The aims of the present study were to assess efficacy, activity and toxicity of P combined with either LT or FLV in a real world setting, and to study the efficacy and activity of treatments administered after progression to P + ET.
Methods: Records of 245 consecutive HR+/HER2- MBC patients from 14 Italian cancer centers were reviewed in this observational study. Primary end-point was progression-free survival (PFS) obtained with P+ET; secondary end-points were overall response rates (ORR) and clinical benefit rate (CBR) obtained with P+ET and with post-progression treatments, as well as overall survival (OS), PFS to subsequent treatment lines and post-progression survival (PPS).
Results: Overall 245 pts were treated with P+ET from April 2014. Of them, 116 (47%) received it in first-line setting, 70 (28%) in second-line and the rest (68 pts, 25%) in subsequent lines. Median age was 60 (35-80) years and median ECOG performance status was 0. Seventy-three pts (30%) had more than two metastatic sites and 75 (31%) had visceral metastasis. Ninenty-one (37%) pts received P+LT and 92 (37%) were treated with P+FLV. For 15 (6%) premenopausal pts an LHRH analogue was added to P+ET. In 77 (41%) patients a biopsy of a metastatic lesion was performed.
Among the 116 pts treated in first-line setting, median PFS was 14.7 (95% CI 12.0-17.3) and 15.1 (95%CI 8.6-21.6) months for pts receiving P+LT and P+FLV, respectively. ORR was 48% (95% CI: 39-57%) and CBR was 75% (95% CI, 66-82%). Four (3%) complete responses (CR), 52 (45%) partial responses (PR), 31 (27%) stable disease (SD) and 11 (9%) progression disease (PD) were observed as best response; 18 pts were not yet evaluable. Among the 70 pts treated in second-line setting, median PFS was 10.8 (95%CI 0-24.3) and 7.9 (95%CI 3.3-12.5) months, for pts receiving P+LT and P+FLV, respectively. The ORR was 26% (95% CI: 16-38) and the CBR was 66% (95% CI, 53-76). One CR (1%), 17 PR (24%), 28 SD (40%) and 13 PD (18.5%) were observed as best response, while 9 were not yet evaluable. Best response was achieved after a median of 5 cycle.

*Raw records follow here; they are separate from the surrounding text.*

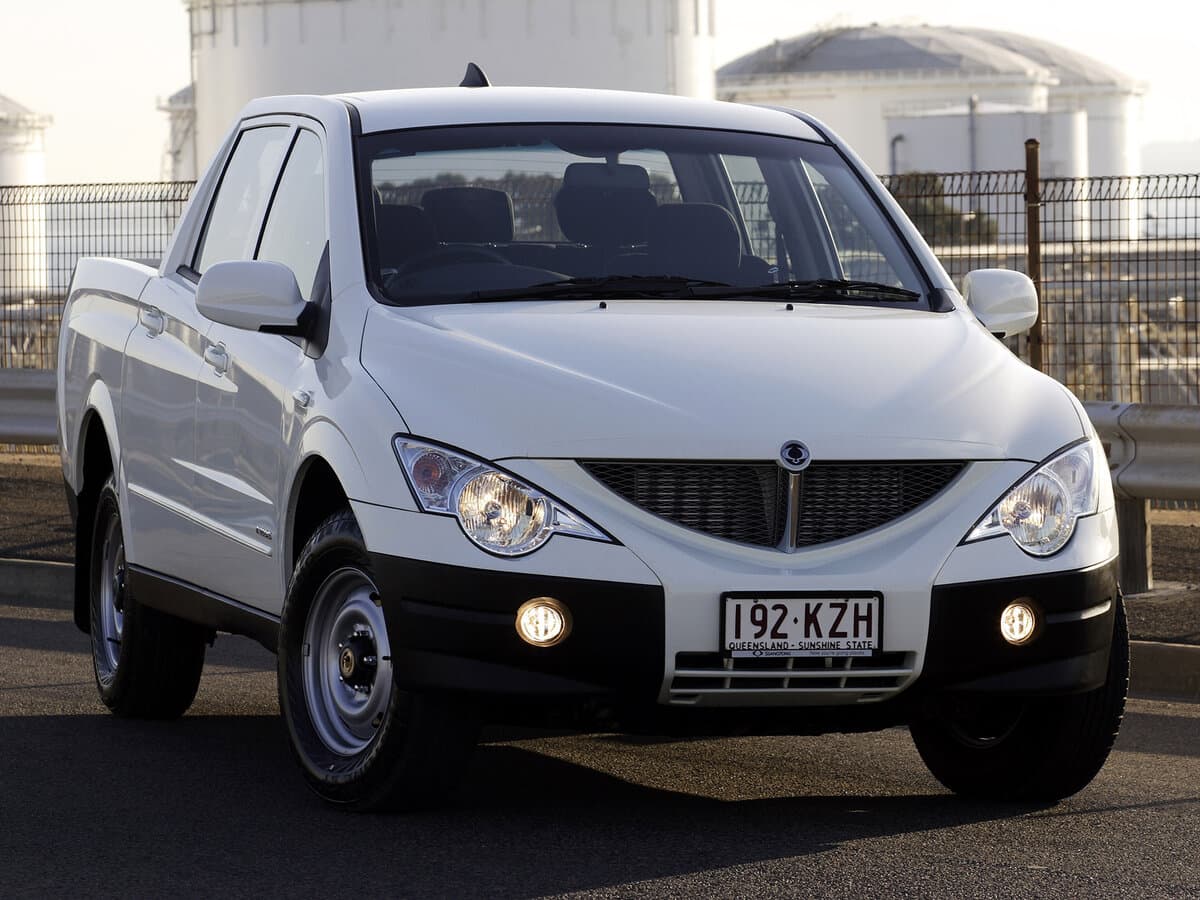 SsangYong Actyon Sports I — Öndən
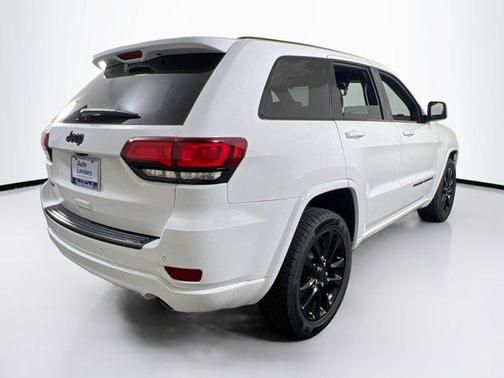 2022 Jeep Grand Cherokee Laredo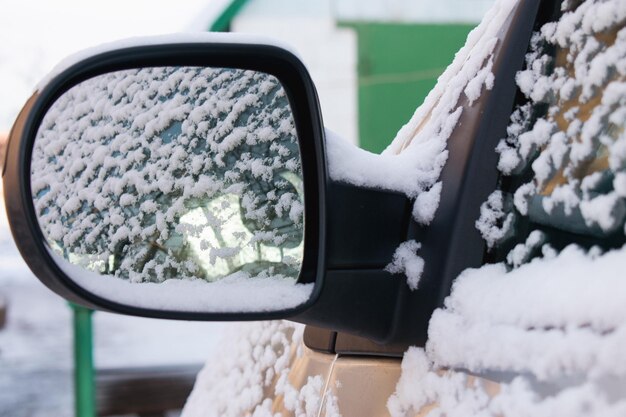 Espelho retrovisor de um carro na neve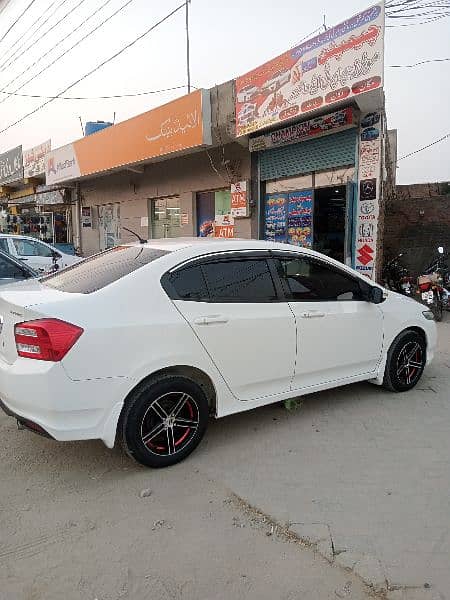 Honda City 1.3 Manual Model  2015 3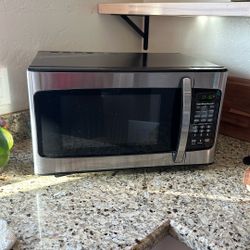 Microwave - Hamilton Beach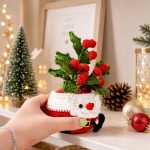 Holly Santa Pot Crochet Pattern, Christmas Amigurumi PDF Pattern, Santa Plant Pot, Holiday Crochet Decor Digital Download - Image 2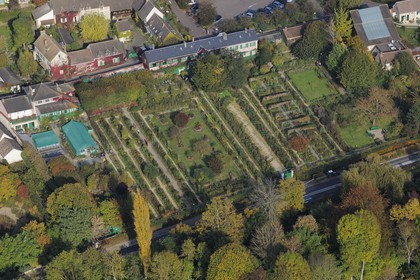 France, Eure (27), Giverny, jardin et maison de Monet (vue aérienne)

At time of the current analysis, 50 pts experienced PD during P+ET. Of them, 38 (76%) received chemotherapy (capecitabine, eribulin, nab-paclitaxel, paclitaxel+bevacizumab, vinoreline) and 12 (24%) ET. To date, only 5 pts progressed during these therapies, preventing us for evaluating secondary end-points regarding efficacy and activity.

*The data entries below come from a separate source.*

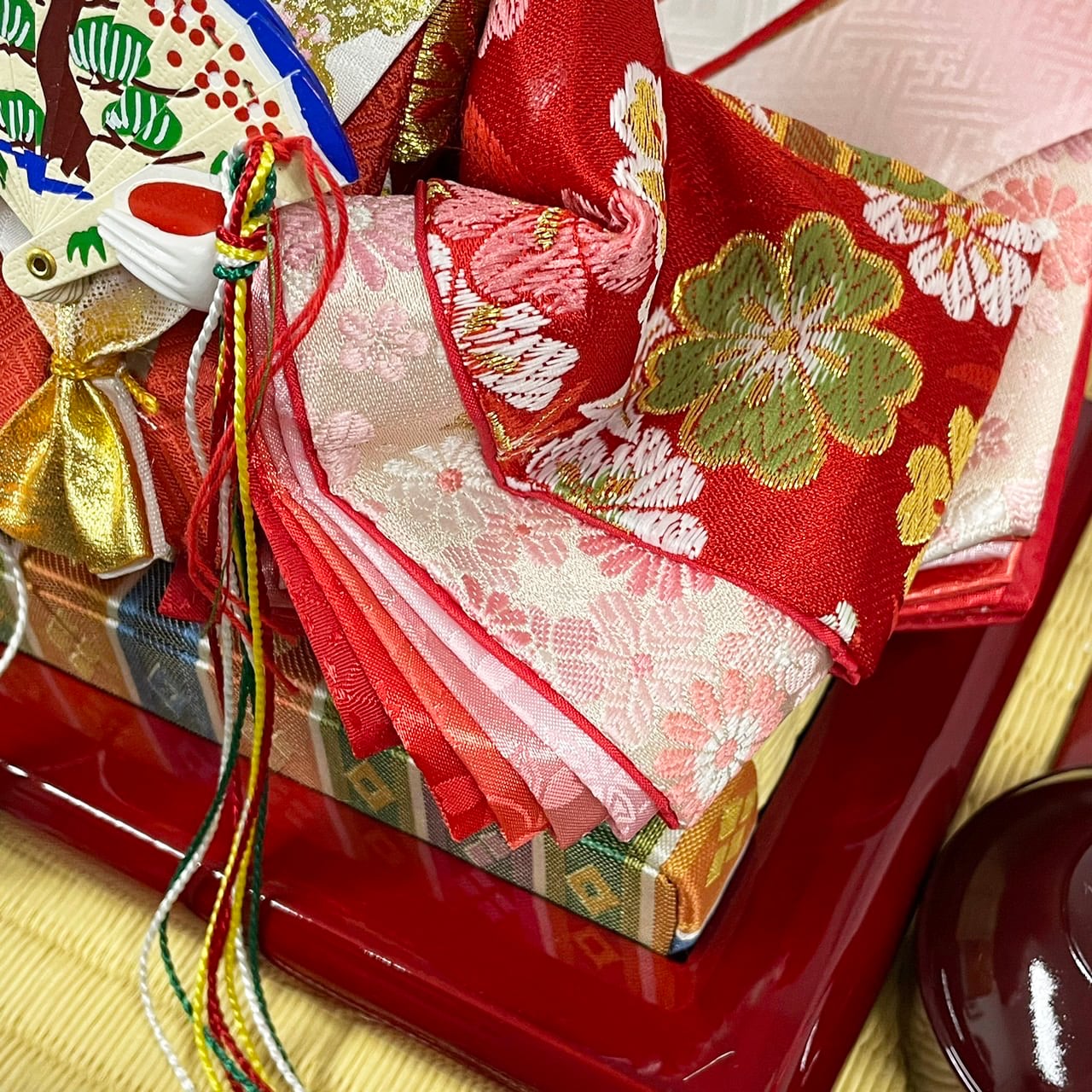 雛人形＜収納飾り＞まり桜｜ひな人形 | Pay ID 収納式親王飾り 白桜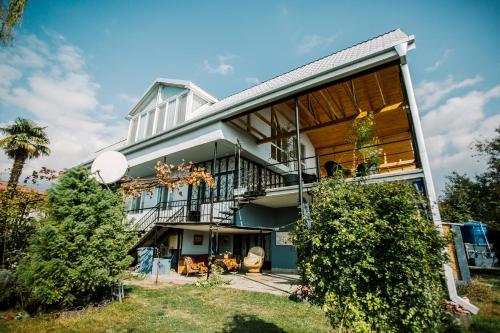 Gallery image of Chateau Dzveli Gavazi in Akhalsopʼeli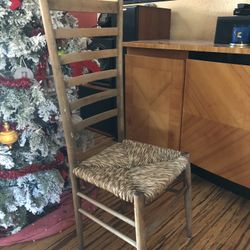 VINTAGE LADDER BACK CHAIR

The most frequent adverse event (AE) was grade 3-4 neutropenia (31%), with febrile neutropenia reported in 5 (2%) cases. Main non-hematological AEs were fatigue and gastrointestinal symptoms (diarrhea and stypsis).

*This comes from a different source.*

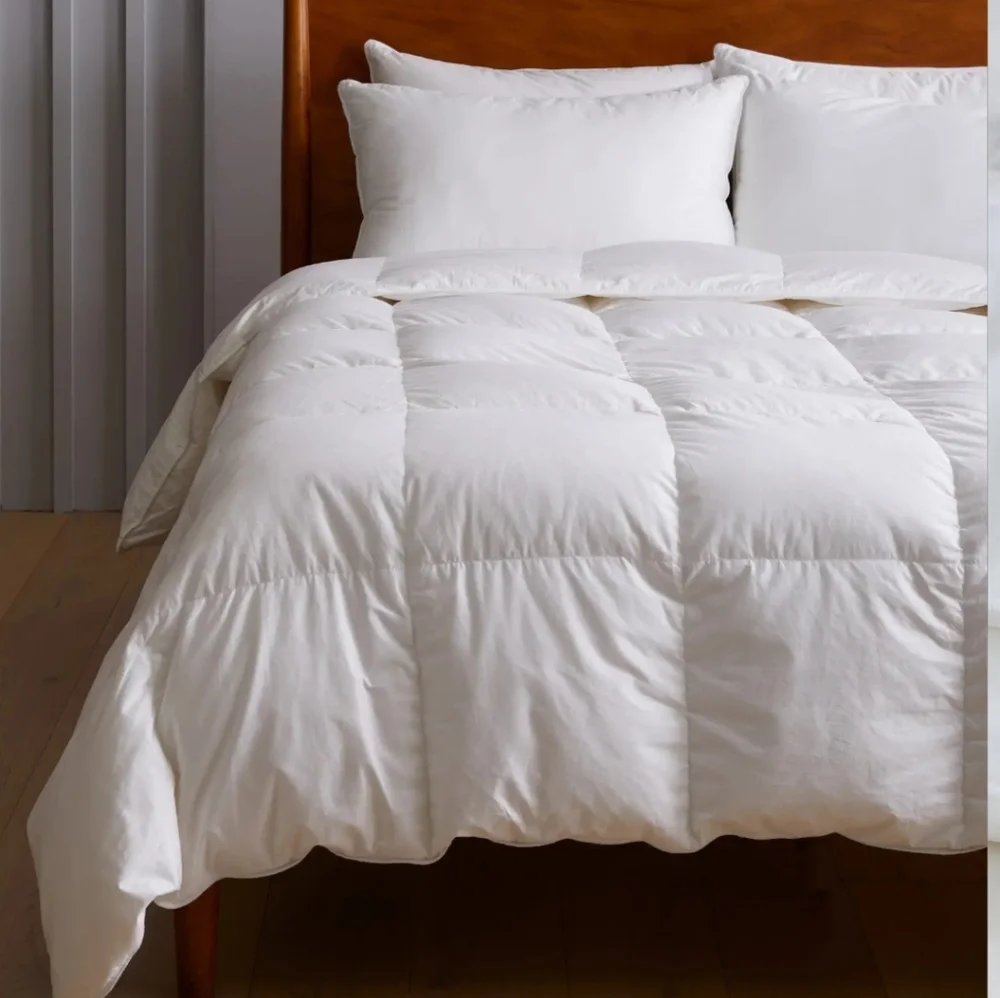 Down Alternative Comforter! Sz. Queen (Z21)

Conclusions: Our findings confirm the efficacy and safety of P+ET as first/second-line treatment for HR+/HER2- MBC pts, even in a non-selected, real world population. Since data regarding the efficacy and activity of post-progression therapies were not mature at the time of the current analysis, they will be subsequently presented.
Citation Format: Alessandra Fabi, Michelangelo Russillo, Mariangela Ciccarese, Simone Scagnoli, Francesco Schettini, Giuseppe Buono, Vito Lo Russo, Grazia Arpino, Rosalba Rossella, Giuseppina Sarobba, Marianna Giampaglia, Patrizia Pellegrini, Simonetta Stani, Michela Palleschi, Vincenzo Adamo, Francesca Morelli, Maria Agnese Fabbri, Cecilia Nistico, Gianluigi Ferretti, Giovanna Catania, Simona Pisegna, Diana Giannarelli, Francesco Cognetti. Real-world evidence of efficacy and activity of palbociclib plus endocrine therapy and post-progression treatments in HR+/HER2- metastatic breast cancer patients: The PALPract study [abstract]. In: Proceedings of the 2019 San Antonio Breast Cancer Symposium; 2019 Dec 10-14; San Antonio, TX. Philadelphia (PA): AACR; Cancer Res 2020;80(4 Suppl):Abstract nr P5-11-18.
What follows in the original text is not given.